■ INSTRUCTIONS FOR THE TASK: An exact transcription of the listing, without its images, is what the answer must contain.
DATA EXTRACT below:
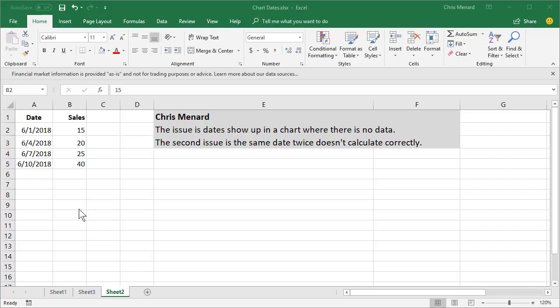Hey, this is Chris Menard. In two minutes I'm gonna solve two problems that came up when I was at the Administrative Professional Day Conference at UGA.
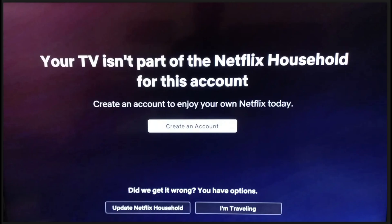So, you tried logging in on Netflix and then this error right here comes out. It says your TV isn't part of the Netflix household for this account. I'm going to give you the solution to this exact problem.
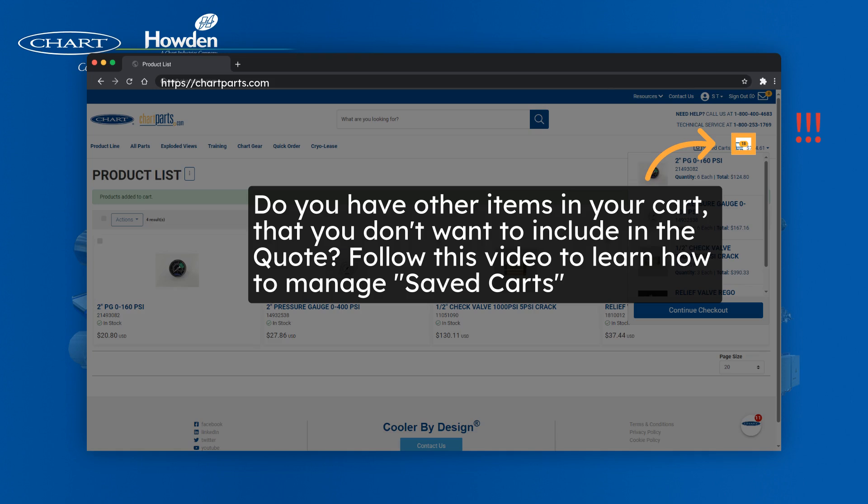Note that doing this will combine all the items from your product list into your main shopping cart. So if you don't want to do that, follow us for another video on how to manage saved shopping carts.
End of DATA EXTRACT.
■ TASK ANSWER:
Hey, this is Chris Menard. In two minutes I'm gonna solve two problems that came up when I was at the Administrative Professional Day Conference at UGA.
So, you tried logging in on Netflix and then this error right here comes out. It says your TV isn't part of the Netflix household for this account. I'm going to give you the solution to this exact problem.
Note that doing this will combine all the items from your product list into your main shopping cart. So if you don't want to do that, follow us for another video on how to manage saved shopping carts.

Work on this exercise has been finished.